Mutation Analysis of the RPGR Gene in a Chinese Cohort

Purpose: The purpose of this study was to investigate the clinical and genetic characteristics of the retinitis pigmentosa GTPase regulatory factor gene (RPGR) in a Chinese cohort. Methods: A retrospective analysis was performed on 80 subjects with RPGR-retinal dystrophy (RPGR-RD) for detailed genetic and clinical characterization. The panel-based next-generation sequencing of 792 causative genes involved in common genetic eye diseases was conducted in all individuals, followed by clinical variant interpretation. Information, including age, sex, geographic distribution, family history, consanguineous marriage, age at symptom onset, disease duration, best corrected visual acuity (BCVA), and complete ophthalmologic examination results, was collected. Results: This cohort (41 men and 39 women) included 26 families (26 probands and their available family members) and 13 sporadic cases. The average age of these participants was 36.35 ± 17.68 years, and the majority of the families were from eastern China (28 families, 71.79%). The average duration of disease in the probands was 22.68 ± 15.80 years. In addition, the average BCVA values of the right and left eyes in the probands were 0.96 ± 0.77 and 1.00 ± 0.77, respectively.
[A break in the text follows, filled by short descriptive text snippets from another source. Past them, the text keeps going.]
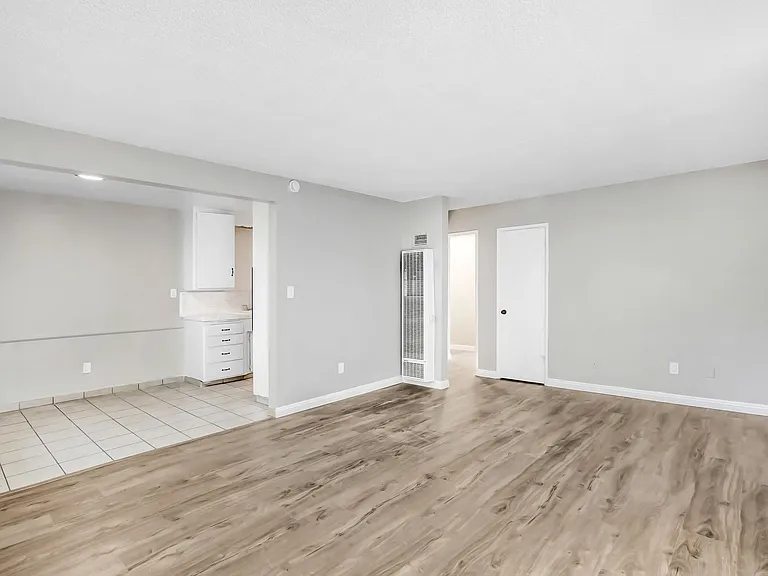 7469 Magnolia Ave. — Photo 14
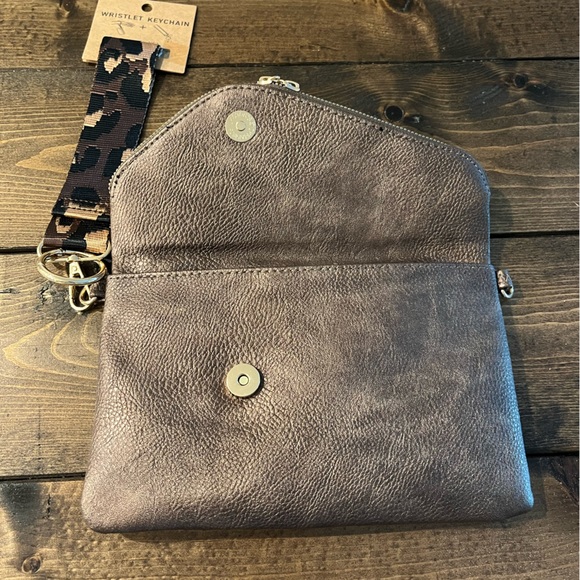 Bronze Wristlet / Purse NWT - Picture 3 of 9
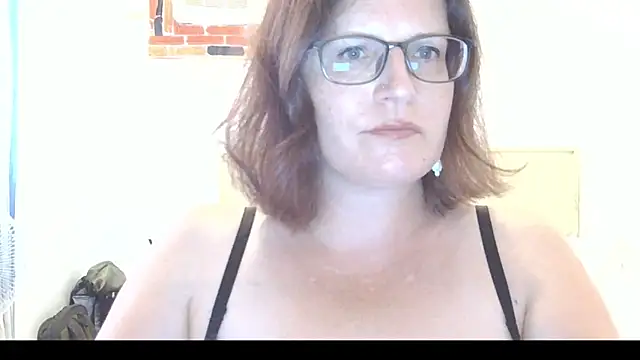 Domina_Tasselina_Goddess Adlı Modelin Canlı XXX Sohbeti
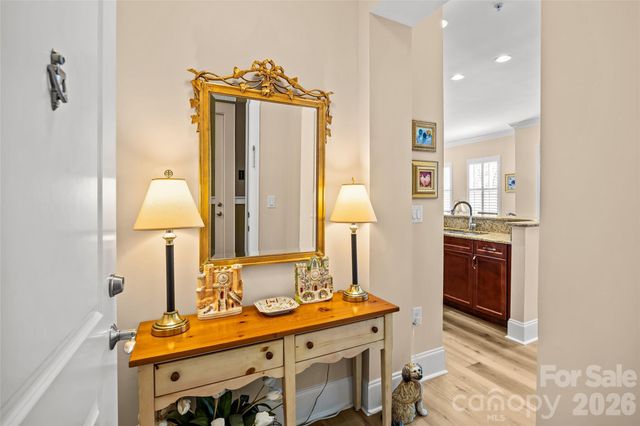 2994 Selwyn Avenue, Charlotte, NC 28209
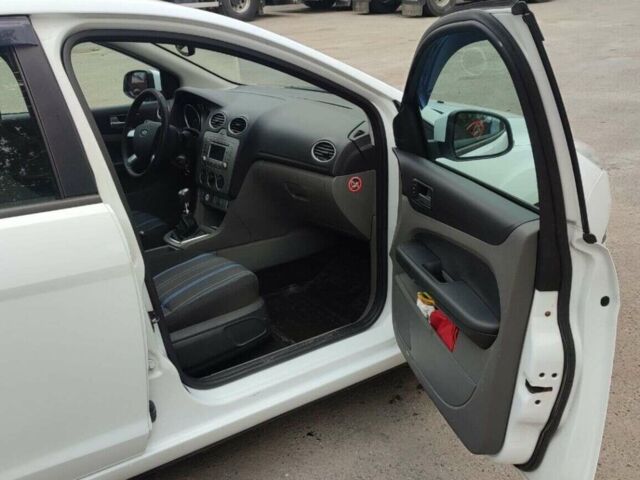Білий Форд Фокус, об'ємом двигуна 2 л та пробігом 260 тис. км за 5000 $, фото 5 на Automoto.ua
A total of 34 RPGR variants were identified, including 6 reported variants and 28 novel variants. Among these variants, NM_001034853.1: c.2899_2902delGAAG and c.2744_2745ins24 were considered de novo variants. The majority of the RPGR variants were classified as likely pathogenic, accounting for 70.59% of the variants (24 variants). The most common nucleotide and amino acid changes identified in this study were deletions (16 variants, 45.06%) and frameshifts (17 variants, 50.00%), respectively. Genetic analysis revealed that these RPGR variants were distributed in 10 different subregions of RPGR, and 70.59% of the RPGR variants (24 variants) were located in exon 15. Four RPGR variants, NM_001034853.1: c.2405_2406delAG, c.1345C > T, c.2218G > T and c.2236_2237delGA, occurred at a very high frequency of 28.21% (11 families) among 39 unrelated families. Conclusion: This study expands the known mutational spectrum of RPGR, and we provide a new reference for the genetic diagnosis of RPGR variants.